YOUR TASK
Without copying any picture, transcribe exactly the lines of the data below from the one containing "photo de MARCHE" through the one containing "Dije Cruz Tupida".

SUPPLIED RECORDS
____________________
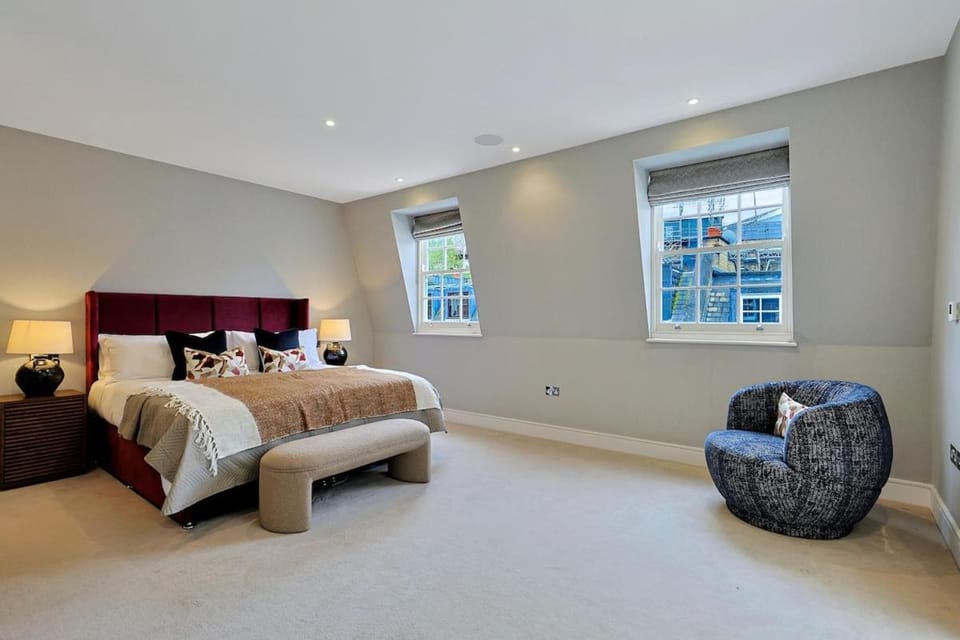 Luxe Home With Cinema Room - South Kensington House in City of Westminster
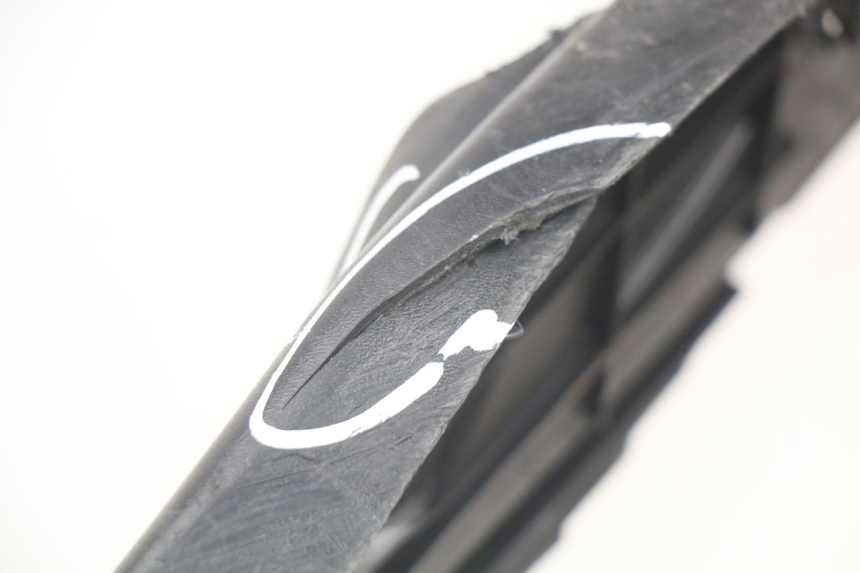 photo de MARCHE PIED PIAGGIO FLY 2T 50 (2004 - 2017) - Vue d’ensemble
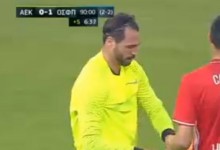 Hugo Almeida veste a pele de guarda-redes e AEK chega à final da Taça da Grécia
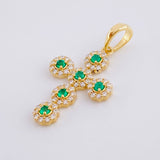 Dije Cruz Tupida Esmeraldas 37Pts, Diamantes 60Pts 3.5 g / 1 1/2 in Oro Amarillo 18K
____________________
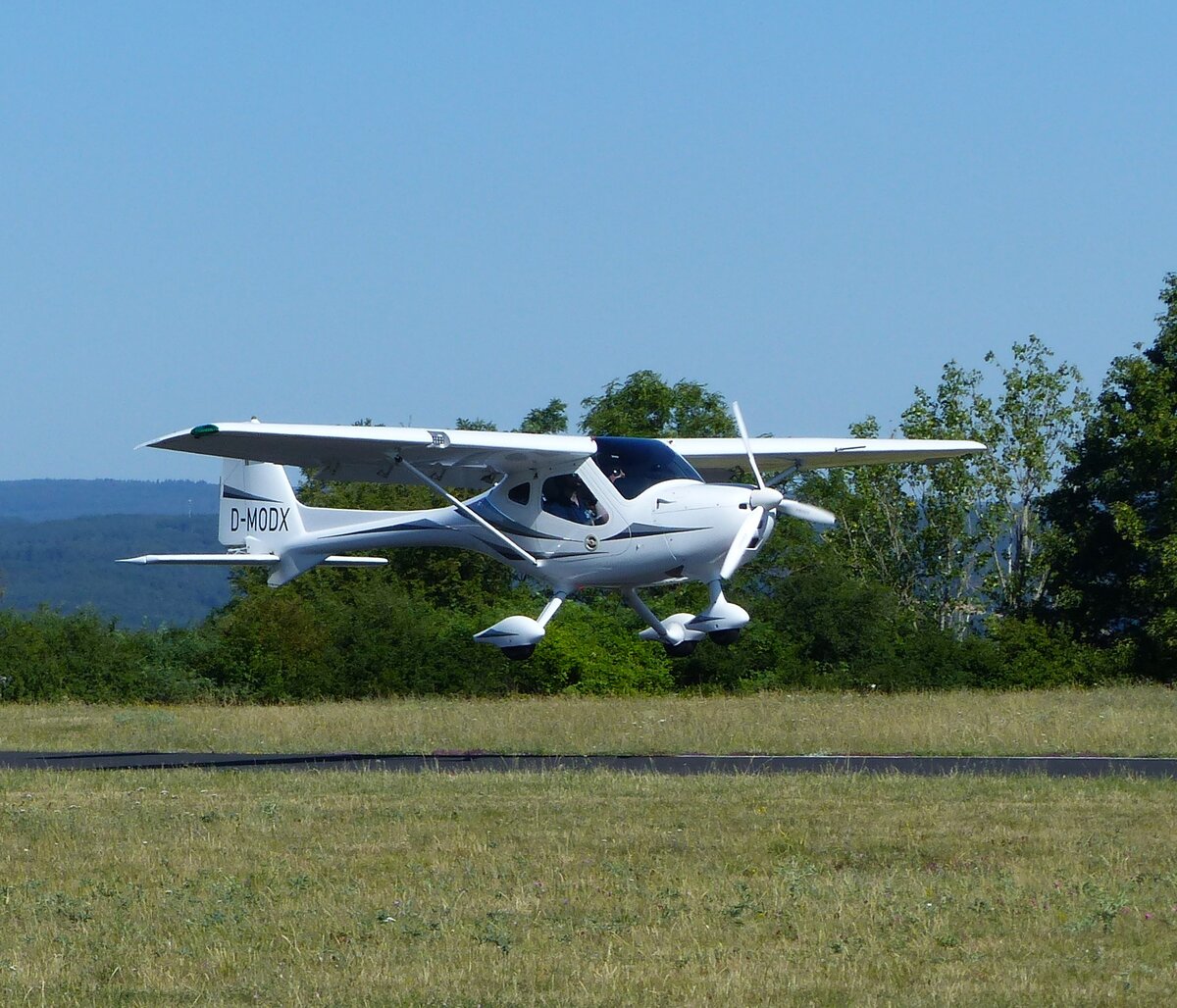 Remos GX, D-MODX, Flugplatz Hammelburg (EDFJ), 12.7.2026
____________________
EXERCISE ANSWER
 photo de MARCHE PIED PIAGGIO FLY 2T 50 (2004 - 2017) - Vue d’ensemble
 Hugo Almeida veste a pele de guarda-redes e AEK chega à final da Taça da Grécia
 Dije Cruz Tupida Esmeraldas 37Pts, Diamantes 60Pts 3.5 g / 1 1/2 in Oro Amarillo 18K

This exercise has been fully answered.